The bonds would be issued in phases to the developers of 1.35 million square feet in and around the nearly 1 million-square-foot Solo Cup plant owned by Warren Davis Properties, according to Economic Development Director Mary Lilly Smith.

Only one member of the public, Steven Reed, objected to the plans. He said that dividing the property could prevent the city from securing a single tenant to fill the space. He also objected to a first reading bill connected to the resolution that would allow outside legal counsel to draft the incentives package. City staff, however, said Warren Davis Properties would be responsible for those legal fees.

Patrick Harrington, the listing agent for Warren Davis Properties, said the former plant, which ceased operations in March, would need to be split up and renovated to attract multiple tenants.

He said the average prospect for filling the Solo Cup plant needs between 75,000 and 250,000 square feet. Renovating the roughly 60-year-old facility could help bring long-term jobs to the area.

“There's 1,200 parking spaces there, and I would like to see those fill up,” Harrington said.

Smith said the issue of limited liability bonds would put all of the liability on the developers, who want to take advantage of the real and personal property tax abatements. The resolution states that the tax abatement on real property would be 100 percent for a 10-year period and 50 percent for the following 15 years. A 50 percent personal property tax abatement on equipment purchases also would be available for 10 years.

Smith said the city of Springfield collaborated with several organizations, including the Springfield Area Chamber of Commerce, to put together the incentives package to attract investment in the city.

“We have an opportunity here to fill a big, empty building,” Smith said, adding that a default on bonds by developers wouldn't hurt the city’s credit rating.

Rob Dixon, manager of business development for the chamber, said the incentives were needed to remove any obstacles or concerns those considering the property might have.

“There is no other community in the state that we know of that has a vacant building of this size,” Dixon said. “This is a unique situation that requires a unique response.”

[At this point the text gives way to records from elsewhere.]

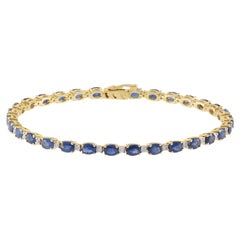 14KT Yellow Gold Oval Sapphire and Diamond Bracelet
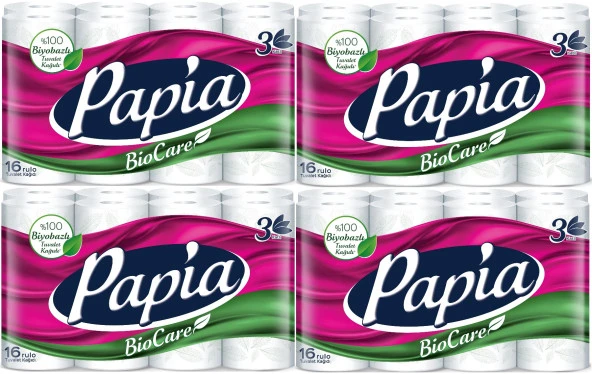 Papia Tuvalet Kağıdı (3 Katlı) 64 Lü Pk Bio Care (4PK*16)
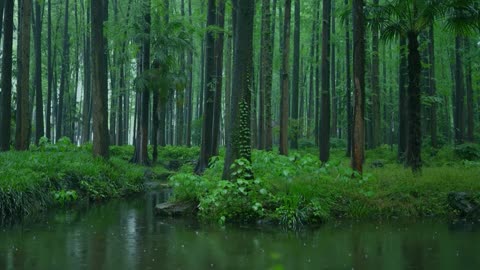 The beautiful forest is raining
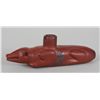 Image 1 : Osage/Quapaw Catlinite Possum Effigy with Pewter Inlay Collected in 1958 9 1/2" L. 3" H.  Good Condi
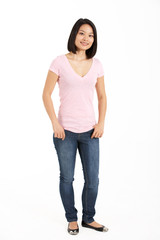 Fototapeta premium Full Length Studio Shot Of Chinese Woman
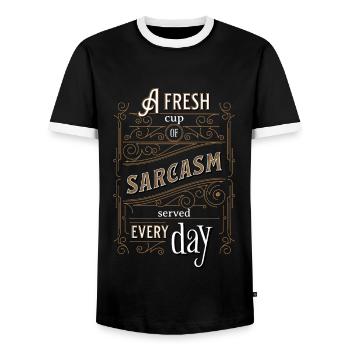 A fresh cup of Sarcasm served every day - Männer Kontrast-T-Shirt - Schwarz/Weiß - Vorne - AI Model Female 172 light (172cm) & AI Model Male 178 light (178cm)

Mayor Jim O’Neal said offering such incentives is exactly the kind of thing the city should be doing to bring jobs and investment to the area.

“With this, there is very little to risk and a lot to gain,” O’Neal said.

Under state statutes, Industrial Development Revenue Bonds can be issued by local governments to finance industrial development projects. Upon issuance of the bonds, the owner transfers ownership to the issuing body. Bond proceeds are then used to fund project improvements. After the bonds have been repaid, the title is then transferred back to the original owner.

At its peak, the Solo Cup facility employed 1,200 workers, according to an explanation to City Council that came with the resolution. In June 2010, the company announced its plans to cease operations.

For more city beat coverage, look to the Dec. 19 print edition of Springfield Business Journal.[[In-content Ad]]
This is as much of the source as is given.